Jesus, com efeito, é a semente que, morrendo, dá muito fruto dentro de nós, na
nossa vida (cf. Jo 12, 24) e desafia toda a solidão, fechamento, lançando-nos
para os irmãos. Este é o fruto verdadeiro da conversão, semeado na terra do
nosso ventre; isto é tornar-se seus discípulos e, enfim, esta é a verdadeira
glória do Pai.
* A poda como purificação que
dá gozo. Nesta passagem evangélica, o Senhor oferece-me outro caminho que
devo percorrer atrás d'Ele e com Ele: é um caminho de purificação, de
renovação, de ressurreição e vida nova: está oculto pela palavra podar, mas
posso descobri-lo melhor, de iluminá-lo, graças à sua própria Palavra, que é a
única mestra, a única guia segura. O texto grego usa o termo “purificar”, para
indicar esta ação do podador sobre as suas vides; é verdade, Ele poda, corta
com a espada afiada da sua Palavra (cf. Hb 4, 12) que, por vezes, nos faz
sangrar; mas o seu amor permanece, penetra cada vez mais para nos purificar e
refinar. Sim, o Senhor senta-se como lavandeiro para purificar, ou é como o
ourives para tornar mais resplandecente e luminoso o ouro que tem nas suas mãos
(cf. Mal 3, 3). Jesus traz consigo uma purificação nova, a prometida desde há
muito tempo pelas Escrituras e esperada para os tempos messiânicos. Não é uma
purificação que se alcança mediante o culto, a observância da lei ou
sacrifícios, purificação somente provisória, incompleta, temporal e figurada.
Jesus realiza uma purificação íntima, total, a do coração e da consciência como
cantava Ezequiel: “Purificar-vos-ei de todos os vossos ídolos; dar-vos-ei um
coração novo... Quando eu vos purificar de todas as vossas iniquidades, farei
que habiteis nas vossas cidades e as vossas ruínas serão reconstruídas...” (Ez
36, 25ss.33).
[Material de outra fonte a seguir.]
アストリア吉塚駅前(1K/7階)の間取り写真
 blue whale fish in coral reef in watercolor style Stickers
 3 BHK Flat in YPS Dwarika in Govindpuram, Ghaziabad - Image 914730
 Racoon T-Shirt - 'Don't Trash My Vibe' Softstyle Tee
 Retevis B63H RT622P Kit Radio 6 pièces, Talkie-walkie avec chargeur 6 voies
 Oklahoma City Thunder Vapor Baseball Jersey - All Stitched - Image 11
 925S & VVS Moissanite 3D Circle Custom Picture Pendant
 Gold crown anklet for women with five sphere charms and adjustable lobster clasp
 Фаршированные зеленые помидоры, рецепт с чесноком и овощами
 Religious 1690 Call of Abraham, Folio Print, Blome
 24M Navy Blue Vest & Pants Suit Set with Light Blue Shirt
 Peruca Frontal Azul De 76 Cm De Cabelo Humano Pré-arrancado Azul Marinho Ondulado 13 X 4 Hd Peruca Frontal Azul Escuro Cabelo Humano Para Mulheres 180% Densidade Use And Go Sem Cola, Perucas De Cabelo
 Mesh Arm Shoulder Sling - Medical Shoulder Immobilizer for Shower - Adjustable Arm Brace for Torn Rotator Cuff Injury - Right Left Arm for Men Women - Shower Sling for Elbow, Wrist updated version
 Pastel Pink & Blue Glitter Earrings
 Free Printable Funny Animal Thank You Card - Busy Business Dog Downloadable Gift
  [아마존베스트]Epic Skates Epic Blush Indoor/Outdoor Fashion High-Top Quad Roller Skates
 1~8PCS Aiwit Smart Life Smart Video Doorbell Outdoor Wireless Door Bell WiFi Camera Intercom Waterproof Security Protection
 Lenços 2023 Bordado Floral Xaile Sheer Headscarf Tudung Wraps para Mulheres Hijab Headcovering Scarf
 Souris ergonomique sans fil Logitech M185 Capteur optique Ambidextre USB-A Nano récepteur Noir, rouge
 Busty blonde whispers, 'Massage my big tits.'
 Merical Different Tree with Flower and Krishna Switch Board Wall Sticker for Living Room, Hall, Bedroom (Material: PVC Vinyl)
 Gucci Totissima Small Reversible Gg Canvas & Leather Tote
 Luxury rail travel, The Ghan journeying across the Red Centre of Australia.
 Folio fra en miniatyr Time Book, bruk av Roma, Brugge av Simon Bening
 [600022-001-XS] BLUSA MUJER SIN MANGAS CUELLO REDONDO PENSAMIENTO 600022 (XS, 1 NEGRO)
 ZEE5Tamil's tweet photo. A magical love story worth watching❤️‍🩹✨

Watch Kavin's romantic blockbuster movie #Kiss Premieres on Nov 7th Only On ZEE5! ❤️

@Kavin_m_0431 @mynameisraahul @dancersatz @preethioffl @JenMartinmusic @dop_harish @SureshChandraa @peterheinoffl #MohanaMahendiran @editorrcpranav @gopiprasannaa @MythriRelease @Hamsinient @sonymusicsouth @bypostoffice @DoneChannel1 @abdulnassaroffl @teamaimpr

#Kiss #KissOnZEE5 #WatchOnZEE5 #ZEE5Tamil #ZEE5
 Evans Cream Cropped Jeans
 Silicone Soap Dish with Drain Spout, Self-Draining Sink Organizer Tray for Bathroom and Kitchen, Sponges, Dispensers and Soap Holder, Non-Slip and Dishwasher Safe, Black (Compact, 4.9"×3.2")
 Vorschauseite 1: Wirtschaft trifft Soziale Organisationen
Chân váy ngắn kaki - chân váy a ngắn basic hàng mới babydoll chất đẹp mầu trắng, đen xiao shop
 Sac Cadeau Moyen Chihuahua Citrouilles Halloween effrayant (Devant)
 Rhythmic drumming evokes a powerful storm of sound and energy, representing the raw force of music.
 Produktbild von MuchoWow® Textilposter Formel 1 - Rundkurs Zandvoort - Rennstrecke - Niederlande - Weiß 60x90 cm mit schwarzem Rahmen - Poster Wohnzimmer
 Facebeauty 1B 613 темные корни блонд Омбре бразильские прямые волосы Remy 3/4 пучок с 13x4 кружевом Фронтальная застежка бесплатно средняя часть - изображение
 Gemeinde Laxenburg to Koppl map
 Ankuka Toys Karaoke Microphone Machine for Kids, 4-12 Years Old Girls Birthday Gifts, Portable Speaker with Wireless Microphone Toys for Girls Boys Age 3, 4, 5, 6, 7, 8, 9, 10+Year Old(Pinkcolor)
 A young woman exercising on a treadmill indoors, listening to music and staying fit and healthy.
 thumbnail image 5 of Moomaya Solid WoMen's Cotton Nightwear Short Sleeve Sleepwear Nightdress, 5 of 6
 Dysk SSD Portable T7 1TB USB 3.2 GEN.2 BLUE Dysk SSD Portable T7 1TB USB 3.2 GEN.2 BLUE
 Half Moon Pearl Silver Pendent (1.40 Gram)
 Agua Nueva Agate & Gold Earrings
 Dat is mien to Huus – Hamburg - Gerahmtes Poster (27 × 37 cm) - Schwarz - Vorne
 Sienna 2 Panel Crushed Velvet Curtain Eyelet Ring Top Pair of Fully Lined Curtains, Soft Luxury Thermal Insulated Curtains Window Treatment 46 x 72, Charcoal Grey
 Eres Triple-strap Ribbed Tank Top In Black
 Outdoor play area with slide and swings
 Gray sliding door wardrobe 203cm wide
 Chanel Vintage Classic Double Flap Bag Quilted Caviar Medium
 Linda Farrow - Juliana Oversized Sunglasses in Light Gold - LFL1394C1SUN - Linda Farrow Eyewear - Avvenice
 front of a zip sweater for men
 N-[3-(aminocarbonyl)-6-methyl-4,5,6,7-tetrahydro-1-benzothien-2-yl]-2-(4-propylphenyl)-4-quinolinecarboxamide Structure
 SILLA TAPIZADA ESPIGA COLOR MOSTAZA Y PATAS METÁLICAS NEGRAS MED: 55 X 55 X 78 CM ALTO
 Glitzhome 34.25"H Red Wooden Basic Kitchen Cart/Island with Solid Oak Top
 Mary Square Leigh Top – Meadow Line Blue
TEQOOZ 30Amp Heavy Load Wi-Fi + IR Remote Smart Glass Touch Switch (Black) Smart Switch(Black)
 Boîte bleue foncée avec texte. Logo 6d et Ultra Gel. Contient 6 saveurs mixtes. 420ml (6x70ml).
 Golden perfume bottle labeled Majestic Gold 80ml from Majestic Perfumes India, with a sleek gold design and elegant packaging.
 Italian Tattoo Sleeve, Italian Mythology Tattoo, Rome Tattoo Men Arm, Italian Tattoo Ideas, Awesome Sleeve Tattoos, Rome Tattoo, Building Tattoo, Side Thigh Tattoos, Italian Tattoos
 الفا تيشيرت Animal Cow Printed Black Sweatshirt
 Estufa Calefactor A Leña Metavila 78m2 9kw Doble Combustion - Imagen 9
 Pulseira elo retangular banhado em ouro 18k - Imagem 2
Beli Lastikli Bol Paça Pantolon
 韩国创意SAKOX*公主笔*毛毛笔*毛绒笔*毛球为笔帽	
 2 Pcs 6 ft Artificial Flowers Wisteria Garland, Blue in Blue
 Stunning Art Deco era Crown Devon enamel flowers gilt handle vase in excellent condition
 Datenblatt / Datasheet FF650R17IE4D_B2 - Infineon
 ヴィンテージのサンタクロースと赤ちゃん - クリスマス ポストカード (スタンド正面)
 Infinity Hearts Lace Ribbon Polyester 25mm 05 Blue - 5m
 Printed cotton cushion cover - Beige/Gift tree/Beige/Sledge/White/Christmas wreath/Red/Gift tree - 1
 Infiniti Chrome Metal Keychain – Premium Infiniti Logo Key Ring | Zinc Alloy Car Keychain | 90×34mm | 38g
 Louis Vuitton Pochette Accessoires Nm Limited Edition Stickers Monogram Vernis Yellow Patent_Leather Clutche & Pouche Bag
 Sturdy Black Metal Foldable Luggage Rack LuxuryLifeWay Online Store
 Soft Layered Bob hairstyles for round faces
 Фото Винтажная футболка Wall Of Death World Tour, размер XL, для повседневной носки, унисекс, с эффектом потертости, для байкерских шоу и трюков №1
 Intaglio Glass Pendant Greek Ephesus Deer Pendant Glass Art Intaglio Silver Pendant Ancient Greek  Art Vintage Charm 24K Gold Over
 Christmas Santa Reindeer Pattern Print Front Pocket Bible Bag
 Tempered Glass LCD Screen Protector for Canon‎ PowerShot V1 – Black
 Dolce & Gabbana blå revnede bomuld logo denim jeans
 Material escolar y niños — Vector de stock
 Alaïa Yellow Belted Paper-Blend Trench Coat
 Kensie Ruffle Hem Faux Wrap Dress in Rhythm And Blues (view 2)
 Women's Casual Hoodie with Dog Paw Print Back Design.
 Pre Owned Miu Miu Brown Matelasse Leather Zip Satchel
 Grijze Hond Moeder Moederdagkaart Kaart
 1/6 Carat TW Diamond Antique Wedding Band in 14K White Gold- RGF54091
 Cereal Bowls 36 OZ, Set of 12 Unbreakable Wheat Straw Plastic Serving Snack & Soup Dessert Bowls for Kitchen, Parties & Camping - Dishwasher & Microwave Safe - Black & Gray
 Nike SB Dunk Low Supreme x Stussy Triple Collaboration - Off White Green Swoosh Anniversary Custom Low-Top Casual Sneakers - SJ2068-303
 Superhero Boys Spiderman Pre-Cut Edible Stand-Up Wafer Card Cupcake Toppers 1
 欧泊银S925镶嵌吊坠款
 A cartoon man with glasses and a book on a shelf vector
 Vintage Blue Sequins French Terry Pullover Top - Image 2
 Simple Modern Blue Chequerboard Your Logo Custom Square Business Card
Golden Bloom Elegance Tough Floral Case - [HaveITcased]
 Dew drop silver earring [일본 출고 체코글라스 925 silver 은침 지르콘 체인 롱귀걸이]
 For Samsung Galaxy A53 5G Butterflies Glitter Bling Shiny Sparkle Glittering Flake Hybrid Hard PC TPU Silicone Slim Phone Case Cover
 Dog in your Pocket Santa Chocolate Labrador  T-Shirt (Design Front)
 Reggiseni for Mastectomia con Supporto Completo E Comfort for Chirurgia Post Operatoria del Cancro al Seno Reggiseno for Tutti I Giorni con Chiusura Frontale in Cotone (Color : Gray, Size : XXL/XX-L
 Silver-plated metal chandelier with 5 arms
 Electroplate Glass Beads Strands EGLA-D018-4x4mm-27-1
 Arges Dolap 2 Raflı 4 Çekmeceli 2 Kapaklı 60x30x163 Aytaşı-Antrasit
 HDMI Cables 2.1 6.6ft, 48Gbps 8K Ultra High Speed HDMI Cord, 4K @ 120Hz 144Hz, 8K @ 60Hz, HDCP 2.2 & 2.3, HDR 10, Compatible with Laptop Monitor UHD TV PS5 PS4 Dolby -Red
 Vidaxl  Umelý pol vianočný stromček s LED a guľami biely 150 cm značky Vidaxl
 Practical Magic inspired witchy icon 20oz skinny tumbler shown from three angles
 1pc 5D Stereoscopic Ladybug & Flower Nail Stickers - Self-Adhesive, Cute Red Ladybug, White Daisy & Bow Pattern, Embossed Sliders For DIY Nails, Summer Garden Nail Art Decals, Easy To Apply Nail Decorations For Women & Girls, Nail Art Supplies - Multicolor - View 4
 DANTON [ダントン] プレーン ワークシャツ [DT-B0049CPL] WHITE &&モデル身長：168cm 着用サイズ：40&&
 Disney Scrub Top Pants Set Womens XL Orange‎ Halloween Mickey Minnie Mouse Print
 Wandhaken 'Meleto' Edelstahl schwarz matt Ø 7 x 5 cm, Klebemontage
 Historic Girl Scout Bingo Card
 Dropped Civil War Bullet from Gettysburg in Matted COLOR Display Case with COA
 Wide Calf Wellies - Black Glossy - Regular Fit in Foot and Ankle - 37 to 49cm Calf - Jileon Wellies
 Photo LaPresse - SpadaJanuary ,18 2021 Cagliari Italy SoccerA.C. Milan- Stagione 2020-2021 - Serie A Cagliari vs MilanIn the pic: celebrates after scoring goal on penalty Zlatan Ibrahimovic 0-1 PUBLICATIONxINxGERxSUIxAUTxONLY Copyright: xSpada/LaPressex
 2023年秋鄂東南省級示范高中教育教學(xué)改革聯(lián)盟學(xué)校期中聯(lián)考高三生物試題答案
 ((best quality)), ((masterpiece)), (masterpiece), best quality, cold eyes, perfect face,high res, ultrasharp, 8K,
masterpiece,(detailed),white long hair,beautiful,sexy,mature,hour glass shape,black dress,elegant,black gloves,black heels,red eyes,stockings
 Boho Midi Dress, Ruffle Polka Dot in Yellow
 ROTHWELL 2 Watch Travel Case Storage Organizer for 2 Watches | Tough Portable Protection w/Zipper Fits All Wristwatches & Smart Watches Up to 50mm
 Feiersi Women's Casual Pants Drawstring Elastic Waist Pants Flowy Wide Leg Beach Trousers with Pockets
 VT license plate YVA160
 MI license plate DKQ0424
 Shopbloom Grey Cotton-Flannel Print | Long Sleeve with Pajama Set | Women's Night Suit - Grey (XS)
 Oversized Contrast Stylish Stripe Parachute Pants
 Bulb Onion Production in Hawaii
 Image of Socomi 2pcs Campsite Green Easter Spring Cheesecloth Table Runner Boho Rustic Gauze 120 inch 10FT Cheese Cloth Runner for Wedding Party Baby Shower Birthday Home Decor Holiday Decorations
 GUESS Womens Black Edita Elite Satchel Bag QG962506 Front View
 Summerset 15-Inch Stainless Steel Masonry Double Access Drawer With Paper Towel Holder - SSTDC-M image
Leio também em Ef 5, 26 e Tt 2, 14, muito bons e grandes
testemunhos, que me ajudam a entrar melhor dentro da luz e da graça desta obra
de salvação, desta poda espiritual que o Pai realiza em mim.
* Há um versículo do Cântico dos
Cânticos que me pode ajudar a compreender ainda melhor e que diz assim: “O
tempo do canto voltou” (Ct 2, 12), usando, contudo, um verbo que significa ao
mesmo tempo “podar”, “cortar” e “cantar”. Portanto, a poda é tempo de canto, de
gozo. É o meu coração que canta, diante e dentro da Palavra, é a minha alma que
se regozija, pela fé, porque sei que através desta longa e magnífica
peregrinação pelas Escrituras, também eu me torno participante da vida de
Jesus, consigo unir-me a Ele, o puro, o santo, o Verbo imaculado e permanecendo
n'Ele, sou lavado, purificado com a infinita pureza da sua vida. Não para mim,
não para permanecer só, mas para dar muito fruto, para ser sarmento. Junto a
outros sarmentos, na vida de Jesus Cristo.